A few days ago I posted about the Miami Global Game Jam, before it began. After the jam I wrote up a review of the games produced during 48 hours in Oxford Ohio. You can read the original post at Miami’s blog here. I did not actually attend the jam since I will be at Miami in the Fall. Yet, being an outside observer (or player) was ideal for writing up the review. I have some distance from what was produced… Some of the games are more complete than others, but one can find some amazing ideas at work here. Reviewing the games makes me realize that the innovate creativity of Global Game Jams is certainly important. The model of innovation can produce fascinating ideas; it is beyond doubt. Yet, thinking through this model of innovation and its relation to dominant ideologies of the games industry is still important: indie game production, rapid-prototyping, etc., will still feed into the game industry more than challenge it. The production of innovative “game mechanics without politics” is fodder for the same-old, same-old of the game industry, even though what we witness is the absolute, interesting new. This is not to say that the games created at Miami are not amazing and astonishing in their own right. They are! I suppose I just want to take the criticality further.
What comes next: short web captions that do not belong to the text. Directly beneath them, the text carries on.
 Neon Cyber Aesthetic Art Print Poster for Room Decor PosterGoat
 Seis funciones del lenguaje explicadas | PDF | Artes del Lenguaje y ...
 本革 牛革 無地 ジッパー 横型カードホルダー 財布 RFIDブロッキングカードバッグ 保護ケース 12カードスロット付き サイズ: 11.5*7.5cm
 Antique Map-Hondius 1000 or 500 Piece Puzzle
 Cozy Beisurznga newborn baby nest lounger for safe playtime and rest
What would be a political, progressive model of the GGJ based on production models that do not feed dominate industries but subvert them? Brecht said that innovation is only renovation if it is not attached to true political motivations for change. It may be that GGJ are generators of (amazing) renovation, but not (dare I say) innovation. True innovation would require, as Brecht said, the “revolutionizing” a medium’s aesthetic production. But, of course, the methods of Brecht were eventually co-opted, as was the notion of “revolution” itself. So, it remains to be determined, both theoretically and practically, what “true innovation” would be…in the meantime…check out these rad games from Miami U!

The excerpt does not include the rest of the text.